Make no mistake about it, Saturday’s fight between the former sparring partners is a crucial one for both fighters.
Dignum, 16-1 (9 KOs), was an excellent amateur but his professional career hasn’t reached the heights many predicted. Aside from a May 2022 WBO interim title fight with Alimkhanuly, the 32-year-old has spent much of his career campaigning on the regional title circuit. His lone foray into world class didn’t go well. Alimkhanuly never allowed him to get a foothold in the fight and took him out in two one-sided rounds.
Bentley’s son is now healthy and he has been able to focus solely on his own preparations. The complacency that shrouded the build-up to the fight with Heaney has gone and he has been so focused on himself that he hasn’t spent a second considering how Dignum will approach such an important fight.

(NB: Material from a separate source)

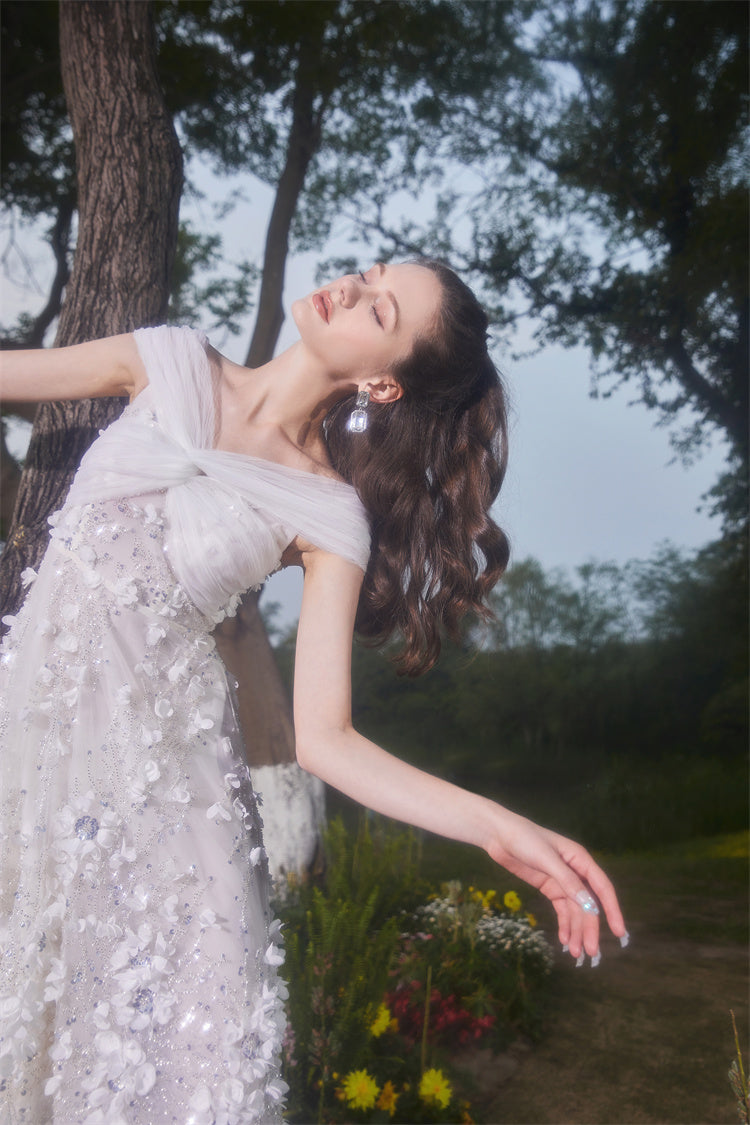 Spot Wardrobes by Chen Elegant White Embroidered applique  wedding Dress-Swiss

“I don’t really care to be honest. That’s not my problem,” he said. “I’m not trying to think about what’s going on with him mentally and how can I capitalise on it. I’m just trying to capitalise on the skill and prepare for the best Danny Dignum. I’d heard rumours that he might retire but then this came along. It might give him a new spark of life and think, ‘If I can beat Denzel, then I’m back in there.’ I can’t let that happen.
“I’m not thinking about him having doubts. I couldn’t care less.”